The chief result of these three developments in Islamic studies—increased popularity, diversification of methods, and heightened self-consciousness—is that the general agreement on what such studies should be about and how they should be conducted that persisted virtually up to yesterday has now disappeared almost altogether. To sample books now appearing that claim to deal somehow with things Islamic is to be confronted with everything from furious assaults on the American mass media to extended meditations on how Hume’s theory of religion connects with the fourteenth-century Arab historian Ibn Khaldun. Whatever one gets, it is not a sense of coherent light.

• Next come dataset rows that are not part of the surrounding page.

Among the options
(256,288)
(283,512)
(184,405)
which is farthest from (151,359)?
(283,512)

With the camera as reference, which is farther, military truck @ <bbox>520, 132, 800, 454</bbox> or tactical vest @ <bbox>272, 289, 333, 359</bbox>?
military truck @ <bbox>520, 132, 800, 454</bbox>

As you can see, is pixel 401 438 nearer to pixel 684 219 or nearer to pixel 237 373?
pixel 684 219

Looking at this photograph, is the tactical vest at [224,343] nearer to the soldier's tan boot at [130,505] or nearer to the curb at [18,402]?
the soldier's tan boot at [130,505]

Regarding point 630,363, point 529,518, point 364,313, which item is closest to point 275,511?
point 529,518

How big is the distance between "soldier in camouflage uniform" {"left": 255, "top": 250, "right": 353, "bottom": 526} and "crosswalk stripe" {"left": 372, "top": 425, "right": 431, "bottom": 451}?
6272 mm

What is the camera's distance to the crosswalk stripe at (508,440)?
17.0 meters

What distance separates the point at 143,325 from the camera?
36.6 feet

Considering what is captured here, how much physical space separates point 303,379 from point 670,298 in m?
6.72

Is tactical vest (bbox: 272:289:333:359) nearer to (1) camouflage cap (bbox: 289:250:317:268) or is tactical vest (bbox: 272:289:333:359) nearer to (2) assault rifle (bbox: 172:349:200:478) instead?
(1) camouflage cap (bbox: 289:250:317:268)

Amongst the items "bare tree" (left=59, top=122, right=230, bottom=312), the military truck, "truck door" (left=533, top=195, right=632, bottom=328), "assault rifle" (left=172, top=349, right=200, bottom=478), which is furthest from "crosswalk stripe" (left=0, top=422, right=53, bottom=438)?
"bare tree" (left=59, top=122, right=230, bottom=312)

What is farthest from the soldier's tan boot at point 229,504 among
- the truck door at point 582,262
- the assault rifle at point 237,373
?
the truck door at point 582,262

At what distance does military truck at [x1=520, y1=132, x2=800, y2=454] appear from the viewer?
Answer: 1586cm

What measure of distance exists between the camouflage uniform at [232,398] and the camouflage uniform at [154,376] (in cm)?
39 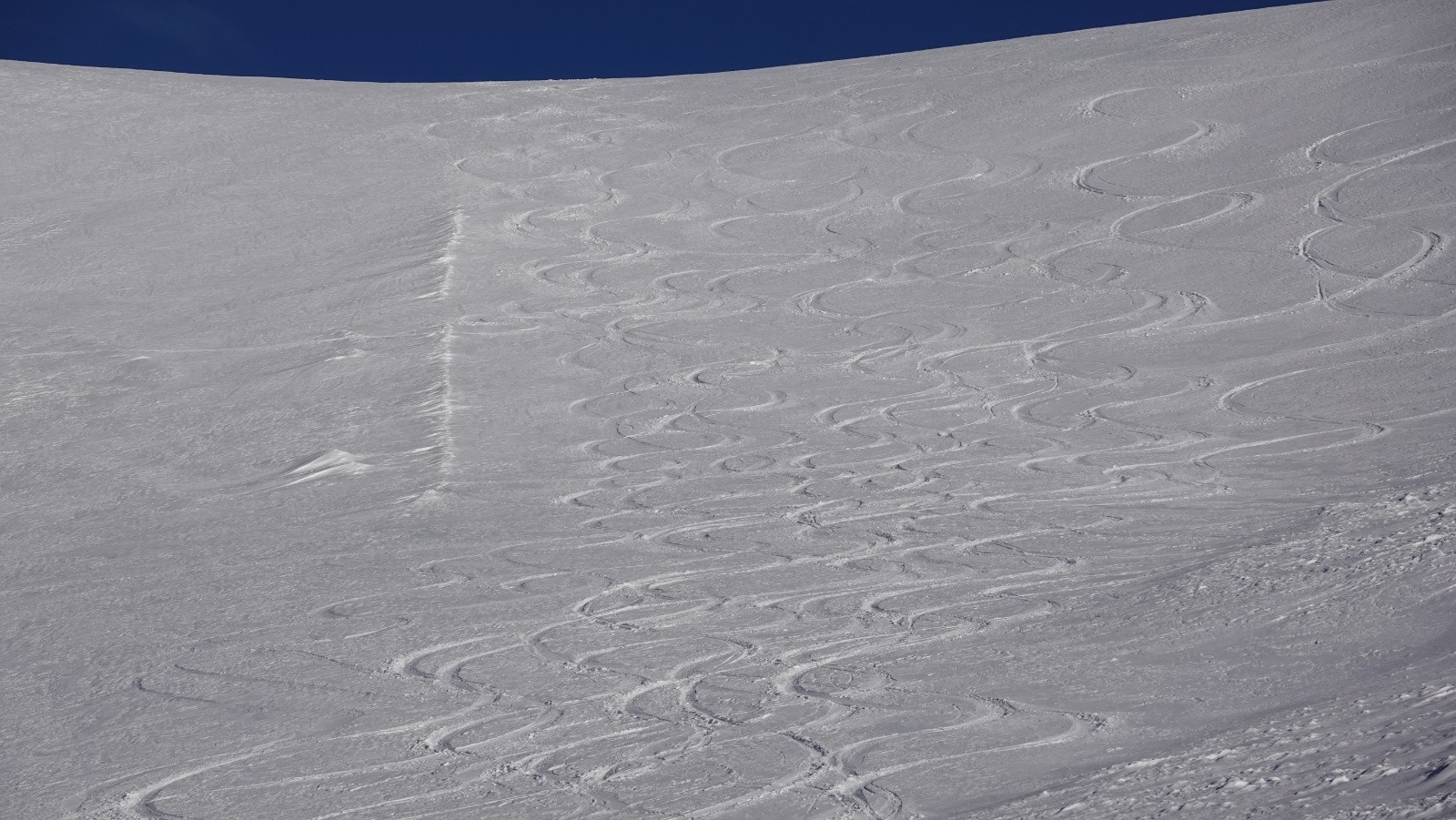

The one dividing line that stands up fairly well, though not entirely, is that between those who approach things from the side of Islamic (or Muslim) society and those who approach them from the side of Islamic (or Muslim) faith. Whatever the differences, and they are vast, between, say, Ernest Gellner and Roy Mottahedeh, or Edward Said and Elie Kedourie, they are all concerned with, to put it more crudely than some of them would like, the “impact” of Islamic ideology on how life is organized in the Middle East, North Africa, Pakistan, or wherever. And whatever the differences, also great, among the various contributors to Merlin Swartz’s Studies on Islam or between Wilfred Cantwell Smith and Hamid Algar, they all see themselves as trying to grasp the essentials of Muslim faith, or as Smith would more carefully put it, the faith of Muslims. The two sides reach toward each other, of course. To assess Islam as a social creed it is necessary to grasp at least something of what Muslims as Muslims imagine existence to be; and to grasp something of what Muslims imagine existence to be demands that some attention be paid to how they live. But only now and again, and then only in the less peremptory works, do they actually meet. For the most part, we have either third world sociology with an Islamic accent, or comparative religion with a Christian one.
The third world sociology approach, its large strengths and larger weaknesses, is well illustrated in Muslim Society, Ernest Gellner’s stimulating new collection of reviews and articles, all but one of them previously published. The book earns its unbashful title. For all the skipping about from subject to subject and the epigrammatic way with argument, Gellner’s pieces, a number of them scarcely a half-dozen pages long, amount to a treatise—the boldest and most ingenious, as well as the most hard-driven, attempt in recent years to present a general account of the fundamental features of social life in the Islamic world. Applying and reapplying a handful of ideas “stolen from four great thinkers—Ibn Khaldun, David Hume, Robert Montagne, Edward Evans-Pritchard” to anything in some way interesting that happens to catch his eye, he constructs a remarkably unified model of “the basic rules of the game” as it is played in that world; a model which, whatever else one may say about it, is anyway clear.
According to Gellner, there are two poles of Muslim society. There is the cohesive, egalitarian, virile life of the tribes, where the patterns of alliance and enmity are very strictly if intricately drawn; and there is the individualistic, hierarchical, luxury-softened life of the cities, where fecklessness and opportunism are but fitfully disciplined by sultans and soldiers. Between these two poles there is a continuous oscillation—Gellner calls it a pendulum swing—as the tribes, their power enhanced by horseback toughness and group feeling, push aside the effete city dwellers to found new cities or capture old ones. After a while, enfeebled in their turn by urban life, the new men are displaced by yet another hard wind from the countryside.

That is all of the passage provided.